> **PROVIDED DATA**:
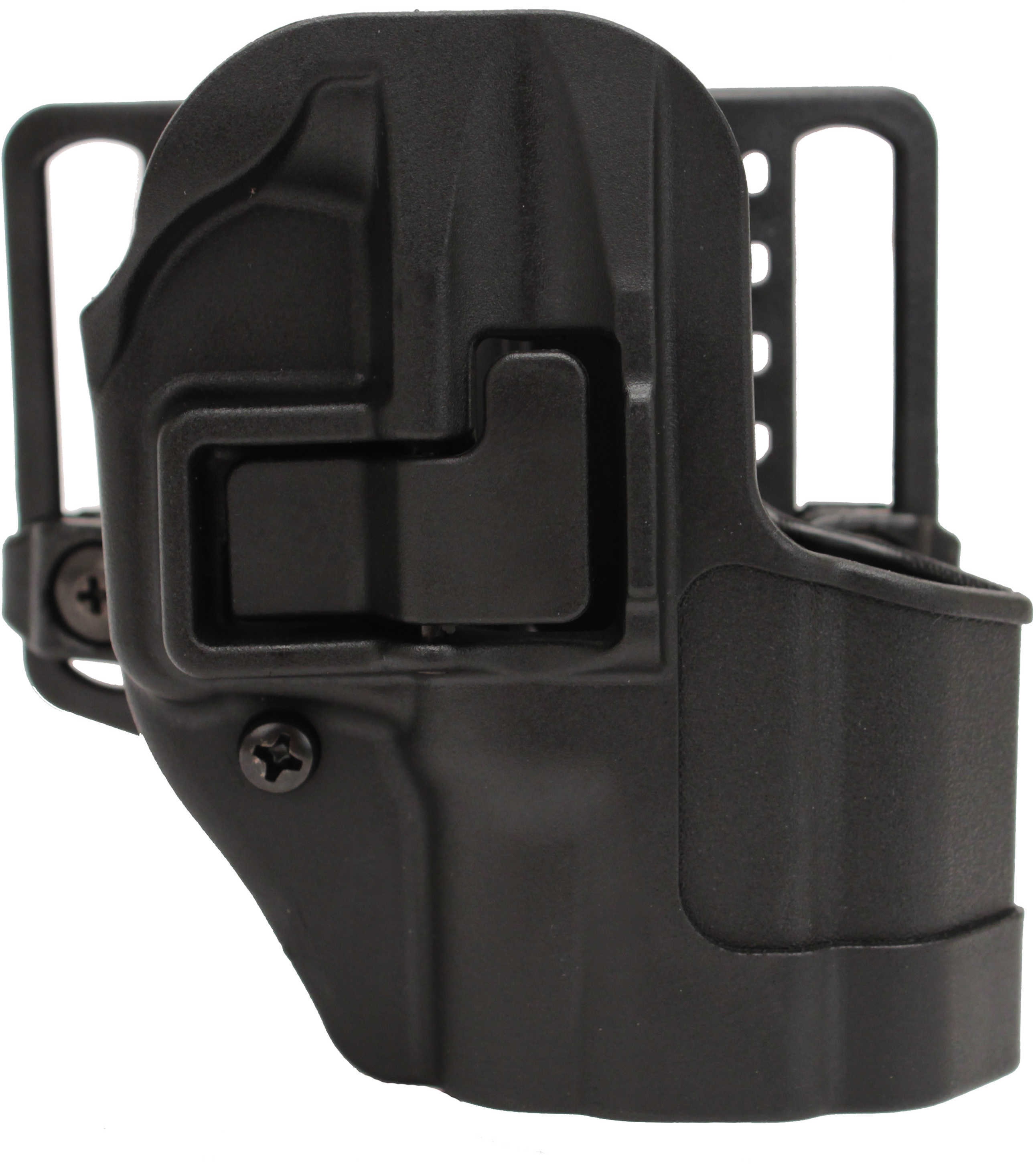 BlackHawk Products Group Serpa CF Belt & Paddle Holster Plain Matte Finish Springfield XD SubCompact Right Hand 410531BK-R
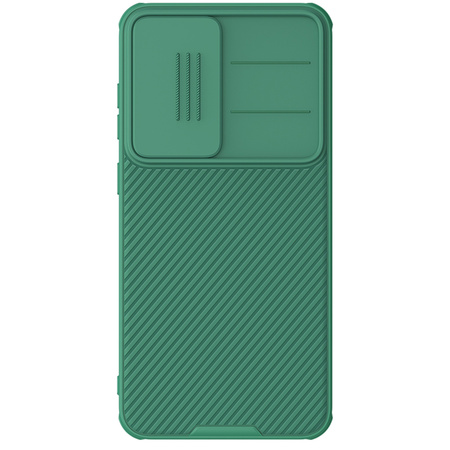 Etui Nillkin CamShield Pro do Samsung Galaxy S25 (Zielone)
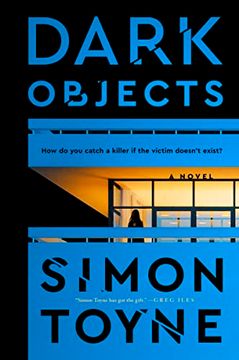 portada Dark Objects: A Novel (Laughton Rees, 1) (in English)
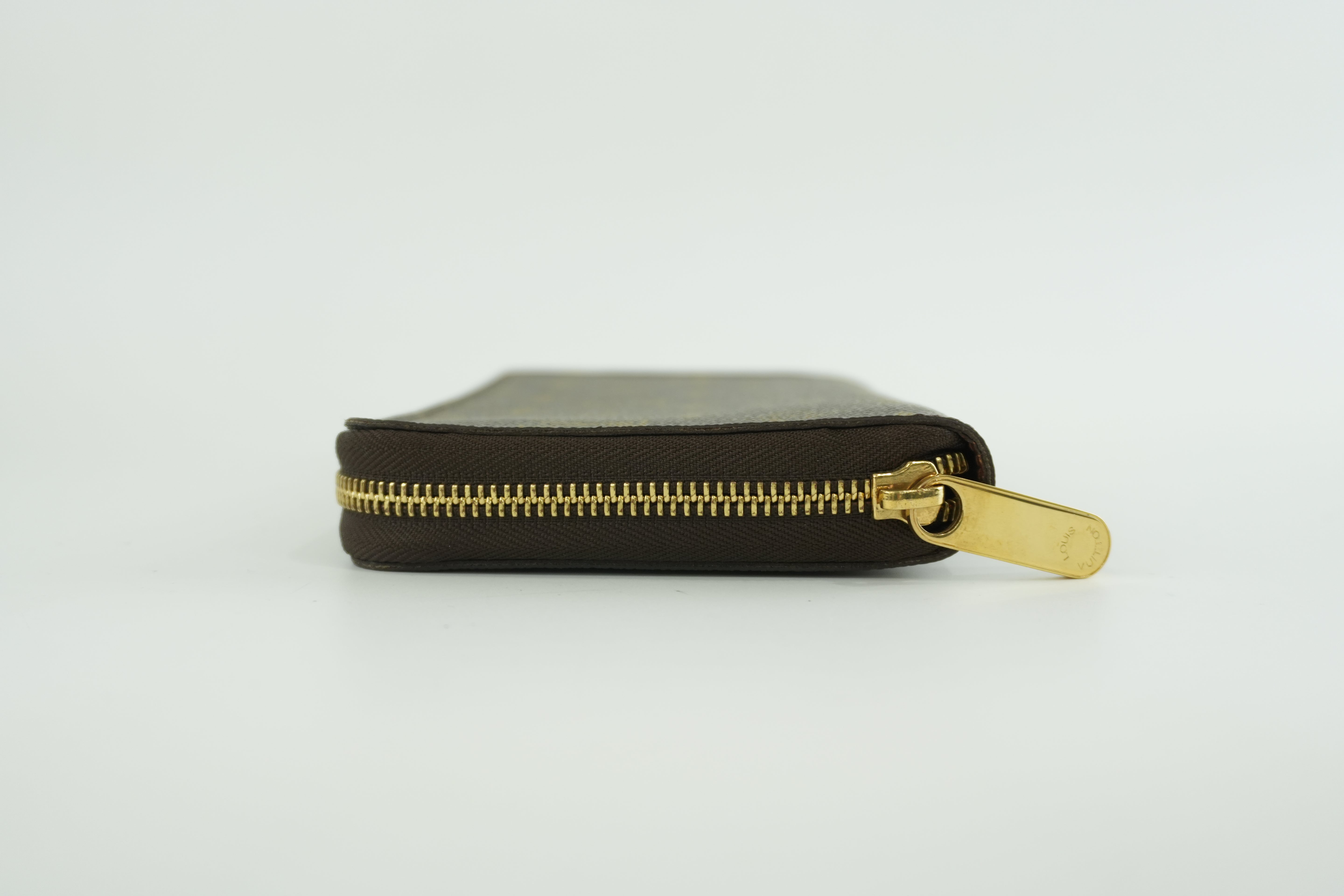 Louis Vuitton Monogram Zippy Organizer Used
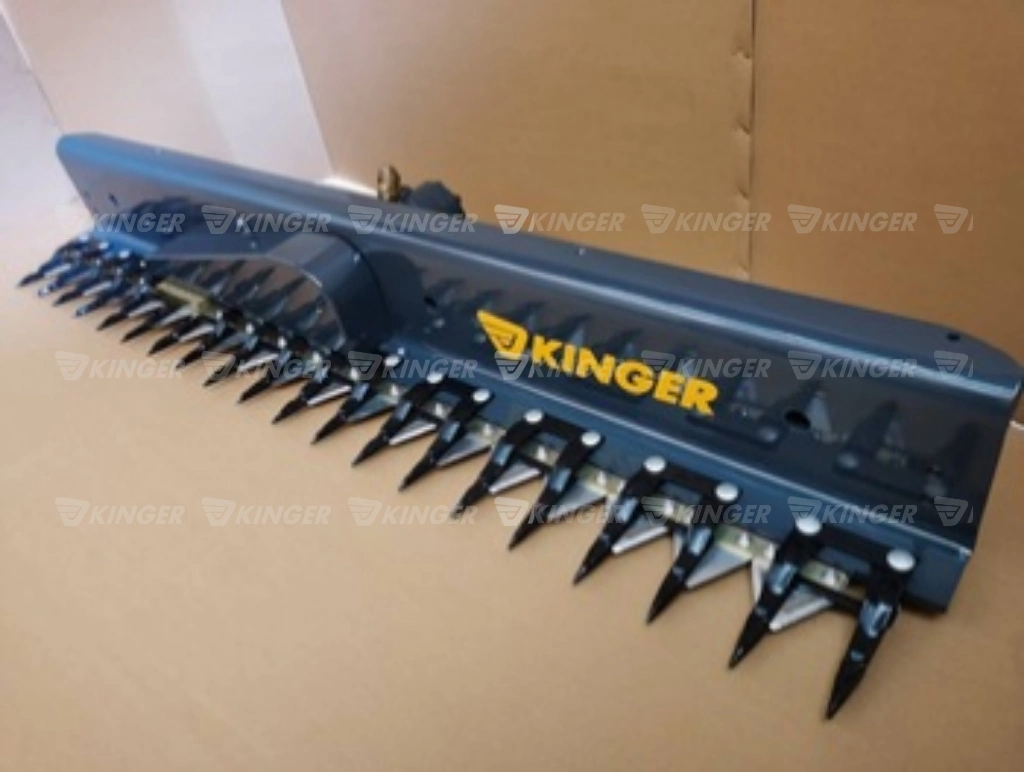 Kinger Excavator Hedge Cutter Greeb Brush Trimmer with Sharp Double Cutting Blade for Sale China Supplier Factory Outlet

> **EXERCISE GOAL**: The copy must start at the line containing "Louis Vuitton Monogram Zippy Organizer Used" and end at the last line of the records, matching each line exactly and holding no pictures.

> **EXERCISE RESPONSE**:
 Louis Vuitton Monogram Zippy Organizer Used
 Kinger Excavator Hedge Cutter Greeb Brush Trimmer with Sharp Double Cutting Blade for Sale China Supplier Factory Outlet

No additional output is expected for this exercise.